(Exercise objective):
Exactly the lines below from the line with "做試管流程及費用標準是多少" through the line with "Volcán Llaima" must make up the answer, both ends included and pictures left out.
=== Dataset ===
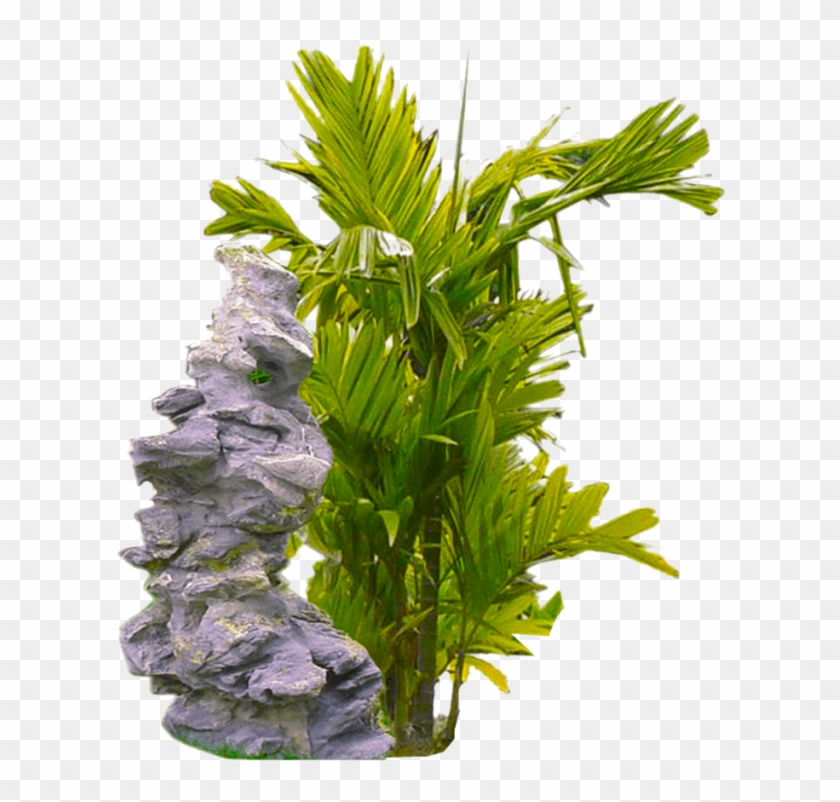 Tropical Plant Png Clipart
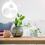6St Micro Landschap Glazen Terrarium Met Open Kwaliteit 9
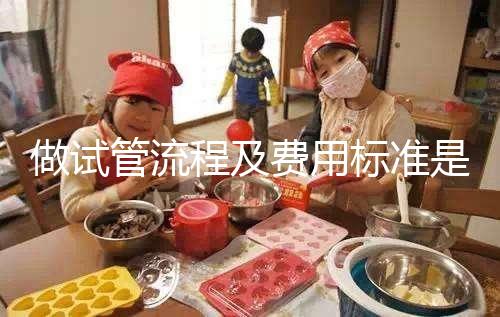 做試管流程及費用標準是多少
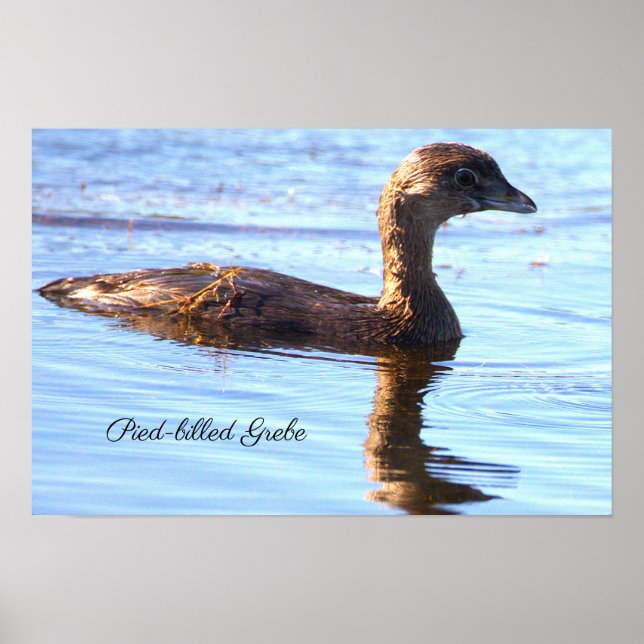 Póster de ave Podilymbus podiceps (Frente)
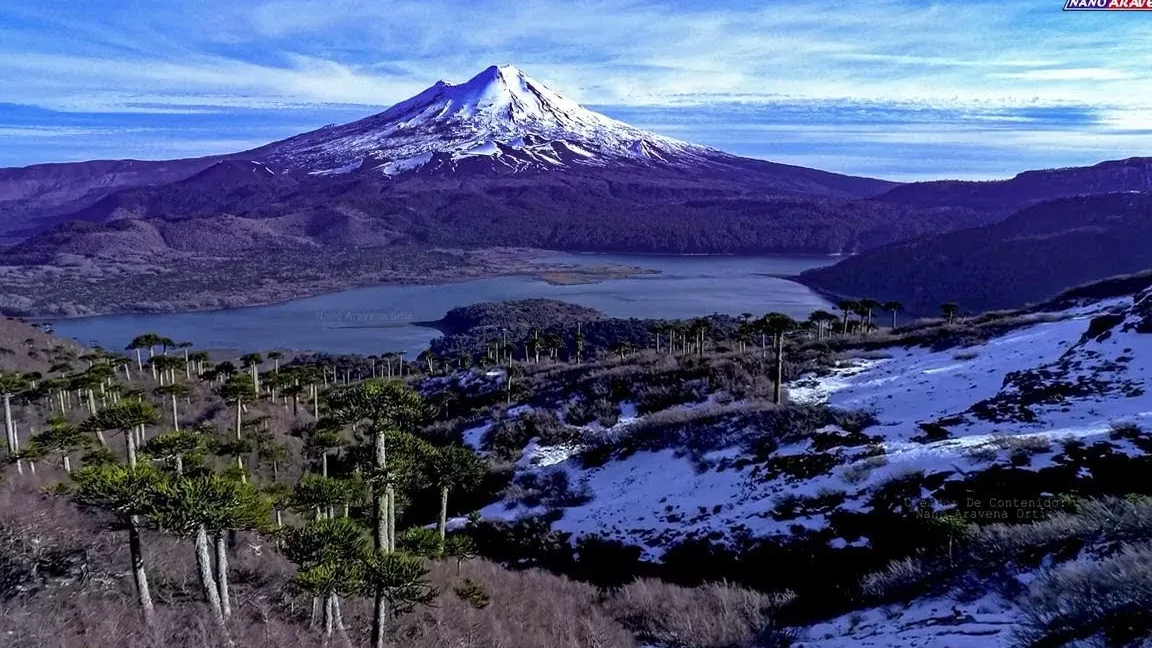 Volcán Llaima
===
=== Dataset ===
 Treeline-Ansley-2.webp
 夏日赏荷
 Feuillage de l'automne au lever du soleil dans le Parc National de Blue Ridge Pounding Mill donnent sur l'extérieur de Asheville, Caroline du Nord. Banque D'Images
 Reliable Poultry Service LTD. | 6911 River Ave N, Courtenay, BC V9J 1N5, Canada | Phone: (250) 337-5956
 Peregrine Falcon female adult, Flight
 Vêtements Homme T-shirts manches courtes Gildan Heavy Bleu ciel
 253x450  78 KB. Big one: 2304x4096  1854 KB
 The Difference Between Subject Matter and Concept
===
=== Dataset ===
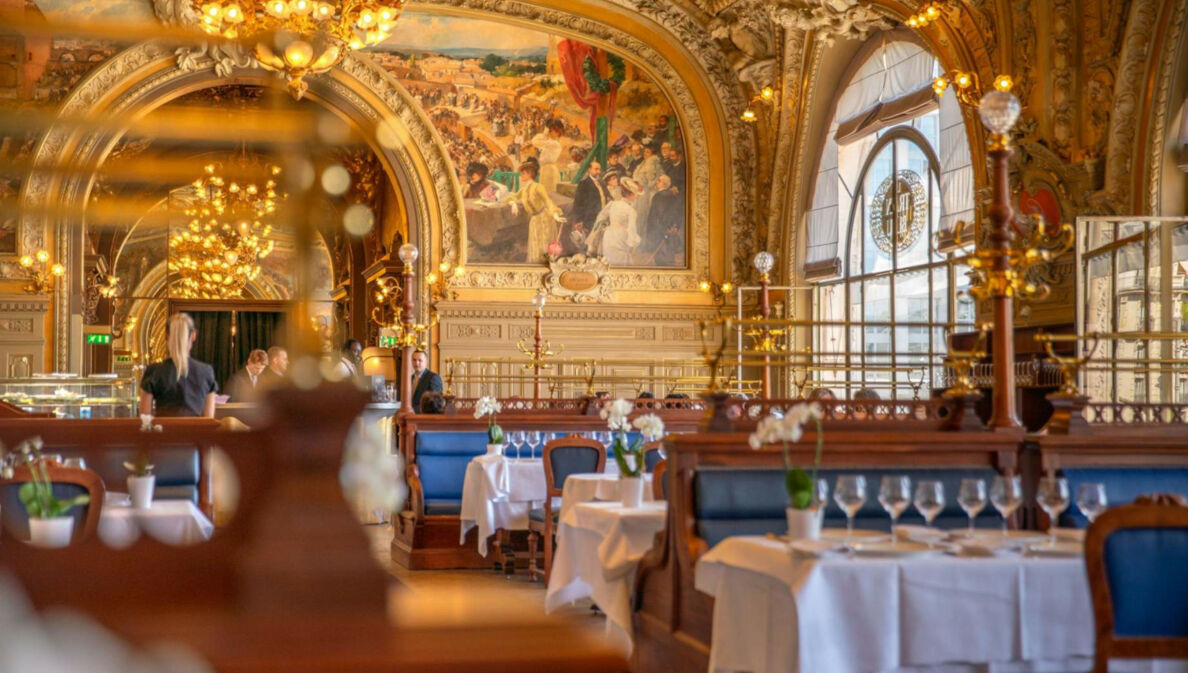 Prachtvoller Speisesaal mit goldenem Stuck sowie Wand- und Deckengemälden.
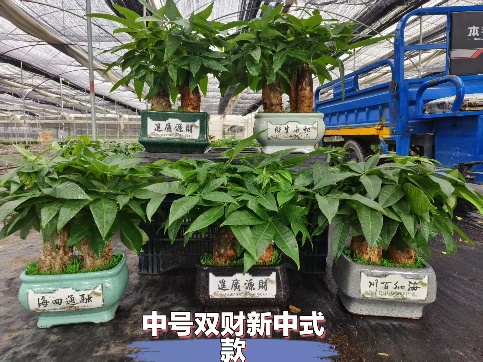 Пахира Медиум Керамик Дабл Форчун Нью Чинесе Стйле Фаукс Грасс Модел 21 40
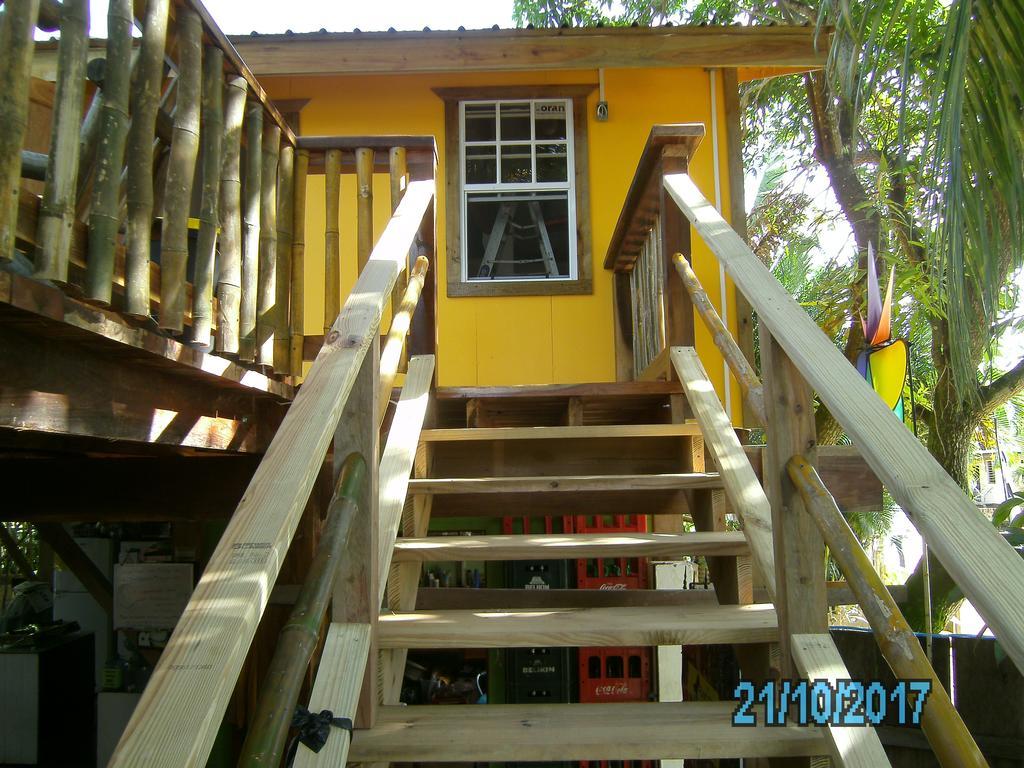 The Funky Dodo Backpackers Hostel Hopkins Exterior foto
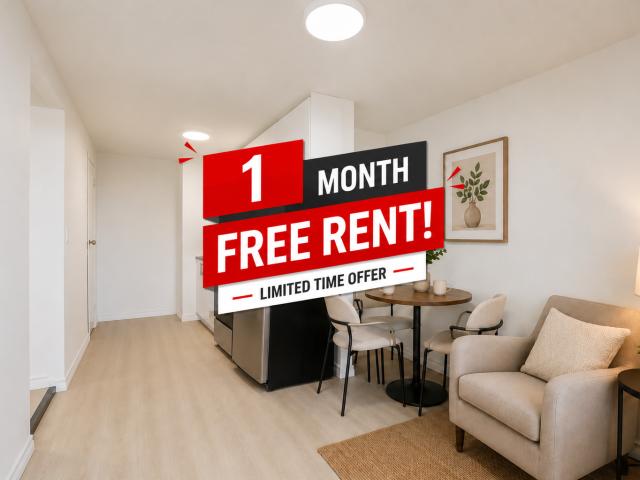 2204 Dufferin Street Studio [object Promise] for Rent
===
(Finished task):
 做試管流程及費用標準是多少
 Póster de ave Podilymbus podiceps (Frente)
 Volcán Llaima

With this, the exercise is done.